> **What this task involves**
Among the lines below, take the one holding "Велосипедний шолом Giro", the one holding "Way for the", and all lines between them. Set them down exactly.

> **Data for processing**
--------

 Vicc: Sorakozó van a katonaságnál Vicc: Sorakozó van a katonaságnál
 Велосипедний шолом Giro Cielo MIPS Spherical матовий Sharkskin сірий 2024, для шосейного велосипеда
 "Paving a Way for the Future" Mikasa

--------

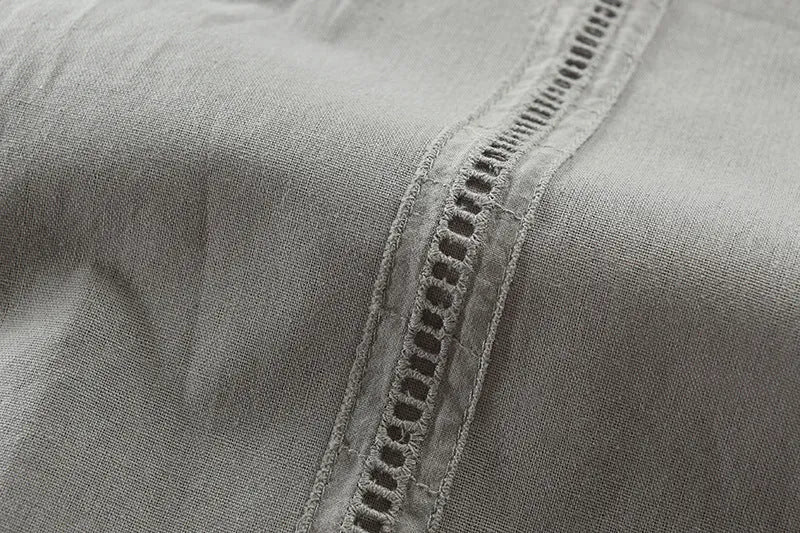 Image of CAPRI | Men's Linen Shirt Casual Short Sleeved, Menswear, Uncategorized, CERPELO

--------

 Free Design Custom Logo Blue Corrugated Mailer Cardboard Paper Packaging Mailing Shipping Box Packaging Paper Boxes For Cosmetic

--------

> **Finished exercise**
 Велосипедний шолом Giro Cielo MIPS Spherical матовий Sharkskin сірий 2024, для шосейного велосипеда
 "Paving a Way for the Future" Mikasa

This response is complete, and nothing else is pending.